Saturday, December 13, 2014

Have a Politically Correct Christmas


The following is a repost from last year.  Which was a repost from the year before that.  Which was a repost fro...good grief, how long have I been doing this?  Well, anyway, I wrote it several years ago.  I did update it a little bit (for those of you who may have read it last year and the year before that and the...well, you get the picture).  See if you can find where).
 
"I trip on one of these dogs, I'm suing the batcrap out of somebody.
Liposuction ain't gonna pay for itself, ya know.
Plus, I'm on that effin' Obamacare now.
And why am I walking around in my long johns?"

Have a Holly Jolly, Politically Correct Christmas Holiday
By
C. Clement Moore (?)

With apologies to Major Henry Livingston, Jr.:*

Twas the Night Before December 25th

‘Twas the night before December 25th, when all through the place of residence (be it house, teepee, shopping cart, or refrigerator carton).
Not a creature was stirring, not even a sentient life form known as a rodent (which has every right to live wherever it chooses).
The government-issued condoms were hung by the chimney with care,
in hopes that a federal official soon would be there.

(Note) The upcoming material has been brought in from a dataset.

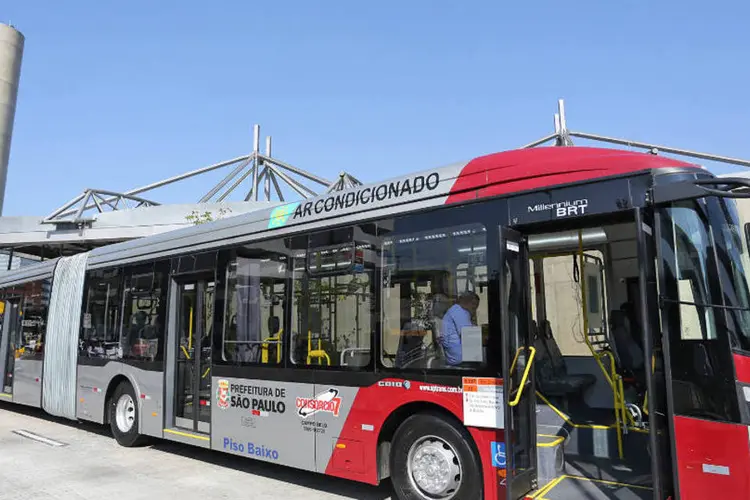 Ônibus; o número médio de ônibus em circulação este ano vem caindo a cada mês (Fabio Arantes/SECOM/Divulgação)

The children of the multi-diverse family unit were nestled by Family Services all snug in their beds,
while visions of non-dairy, non-sugar, non-peanut, non-caffeine, non-fat, non-transfats, non-threatening tofu plums danced “With the Stars” in their heads.
And my life partner in a hyperbaric chamber and I in my neoprene bubble
had drifted to sleep, with nary any trouble.

When out on the roof there arose such a clatter,
I sprang from my bed (which I selfishly bought at IKEA while millions slept on grates), to see what was the matter.
Away to the window I feared that I’d spy
A Weiner, a Biden, a Rush Limbaugh guy.

The moon, on the Miley Cyrus breast of the new-fallen snow
gave the luster of midday to objects below.
When, what to my wondering eyes should appear,
but a “little people” sleigh and eight height-challenged reindeer.

With a stature-limited seasoned-citizen driver, so lively and quick,
I knew it must be that Person of Androgynous Reknown, Nikita, Nick...
or some other such prick.
More rapid than endangered eagles, her/his coursers they came
and she/he whistled and shouted and called them by name (though not as subservients; rather as equals in the mutual exchange of commerce).

“Now Twerker! Now Holder!
Elton, you Prancer and Jesse!
Ebola! Al Sharpton!
Obama, Pelosi!
To the top of the porch!
To the top of the wall!
Now, dash away, but only if you’re physically able and don’t feel threatened by it all!”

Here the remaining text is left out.